DATA:
# # # # # # #

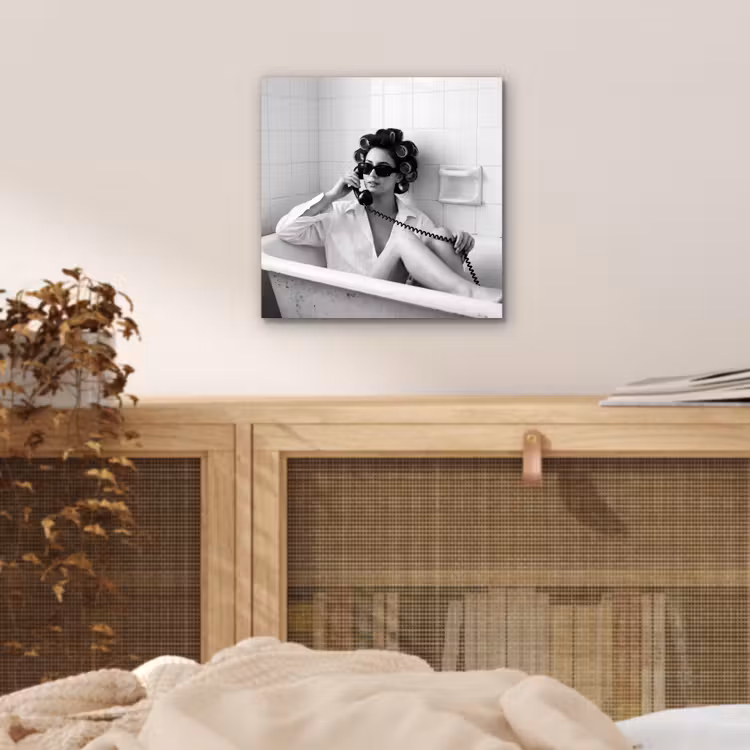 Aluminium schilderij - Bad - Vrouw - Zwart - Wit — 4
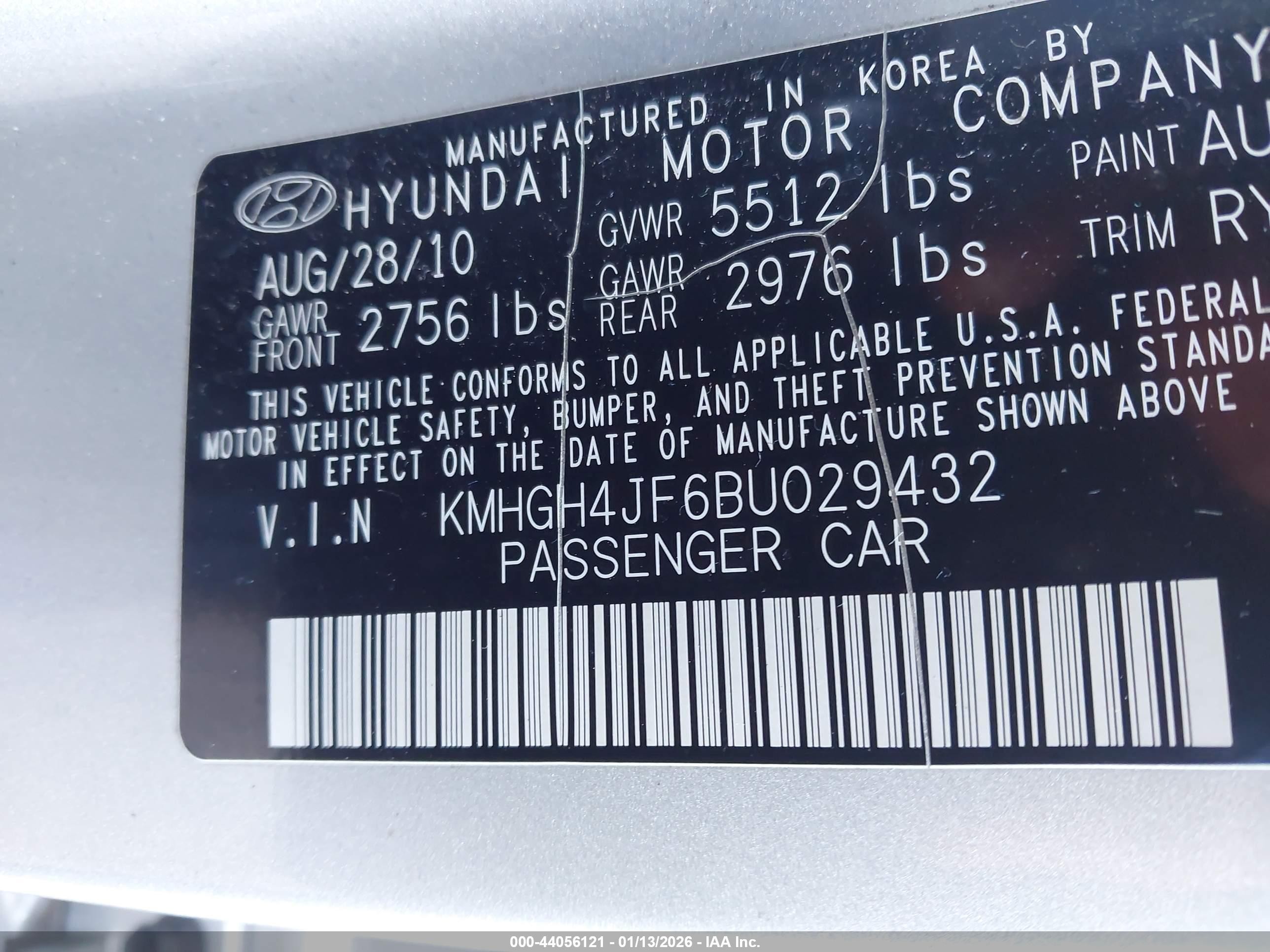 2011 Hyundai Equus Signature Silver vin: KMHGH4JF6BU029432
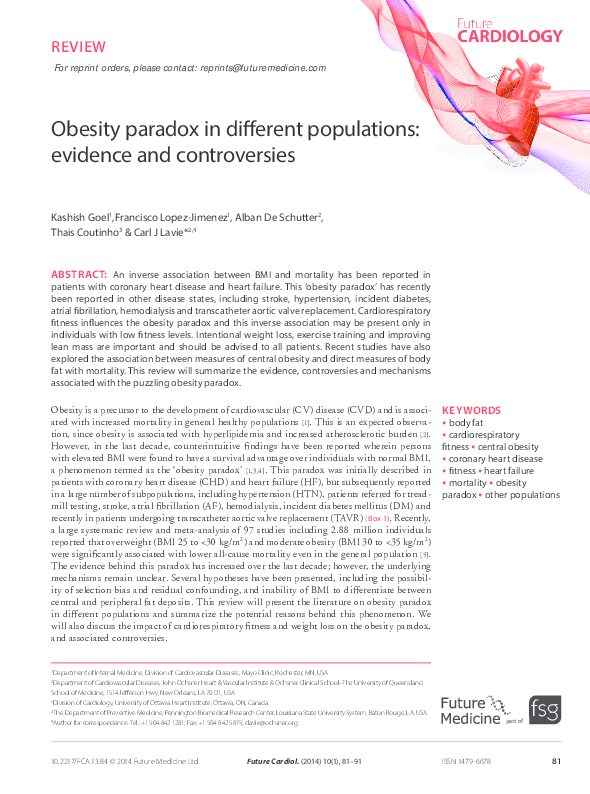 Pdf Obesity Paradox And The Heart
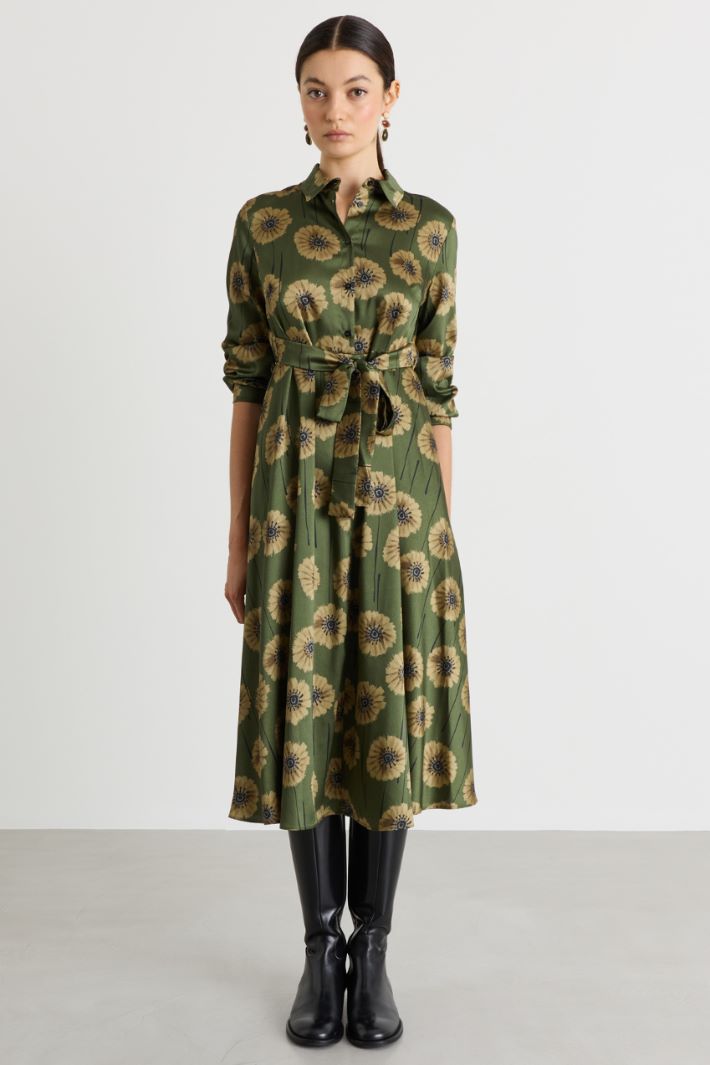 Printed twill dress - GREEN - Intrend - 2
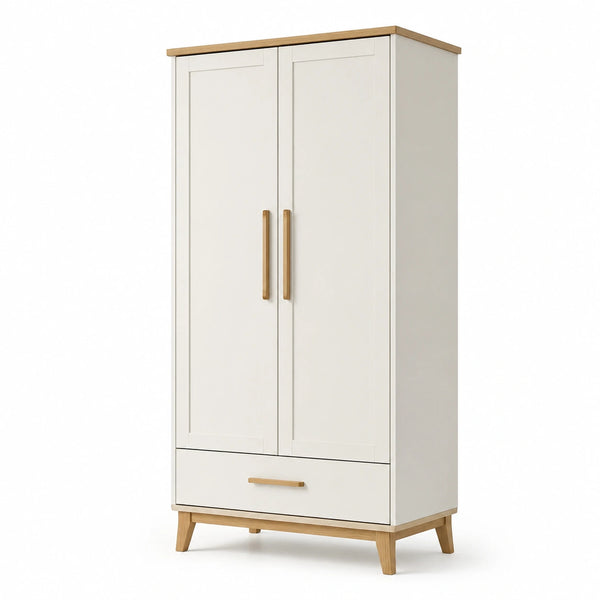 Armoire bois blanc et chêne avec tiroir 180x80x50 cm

# # # # # # #

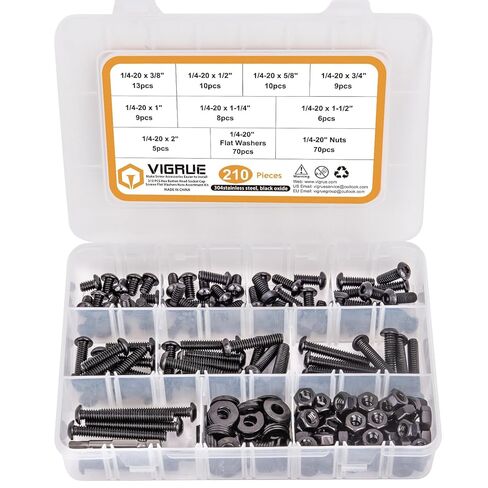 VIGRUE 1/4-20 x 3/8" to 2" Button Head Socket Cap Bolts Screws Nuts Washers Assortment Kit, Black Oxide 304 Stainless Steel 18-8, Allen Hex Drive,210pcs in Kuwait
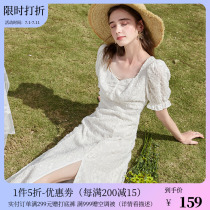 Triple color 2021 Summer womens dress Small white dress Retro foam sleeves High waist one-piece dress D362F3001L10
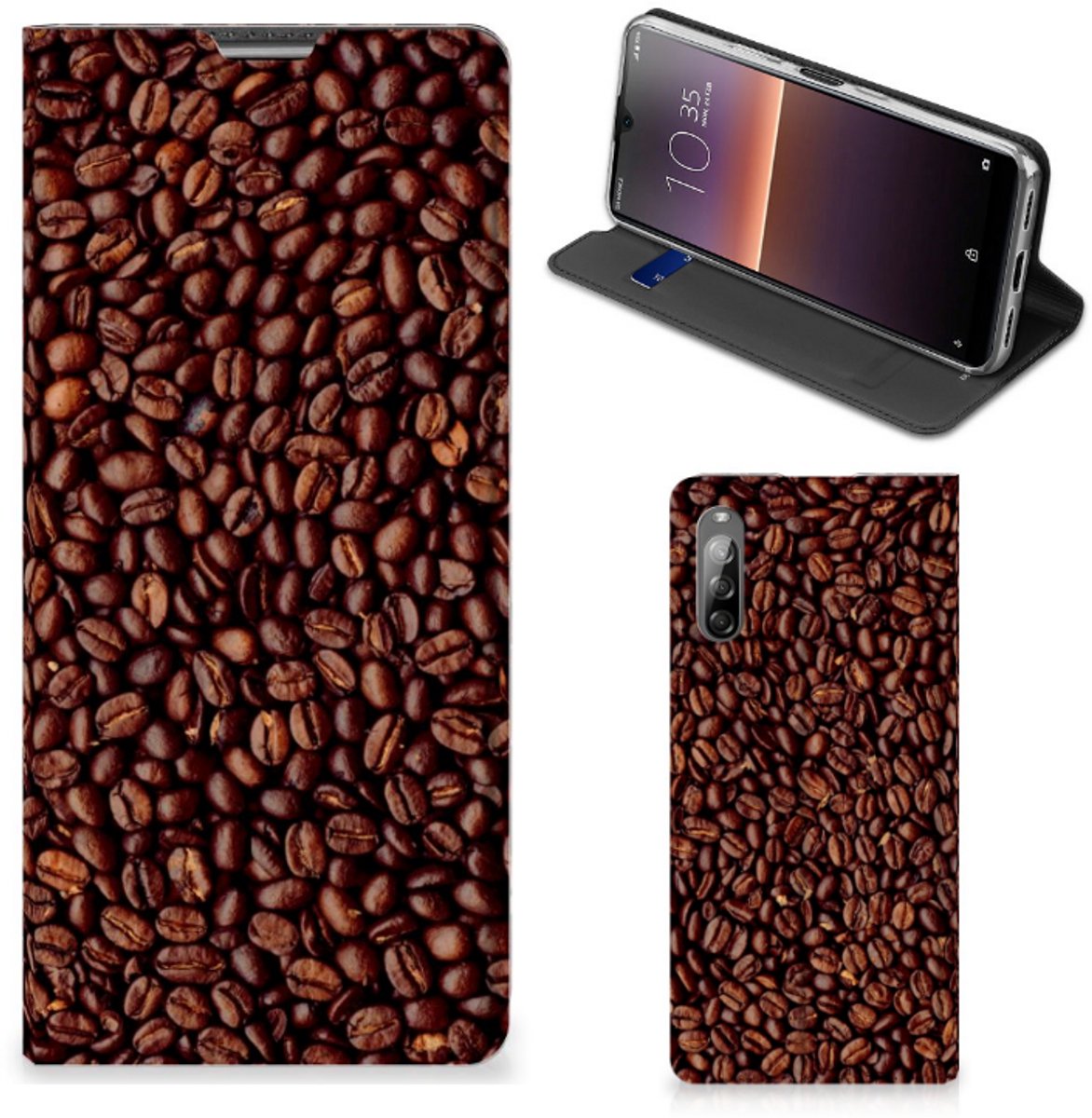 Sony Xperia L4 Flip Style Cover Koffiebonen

# # # # # # #

PROBLEM REQUIREMENTS: Give back, exactly and without pictures, the stretch of the records above from the line containing "Triple color 2021" through the line containing "Sony Xperia L4 Flip Style Cover Koffiebonen", with both end lines included.

RESULT:
 Triple color 2021 Summer womens dress Small white dress Retro foam sleeves High waist one-piece dress D362F3001L10
 Sony Xperia L4 Flip Style Cover Koffiebonen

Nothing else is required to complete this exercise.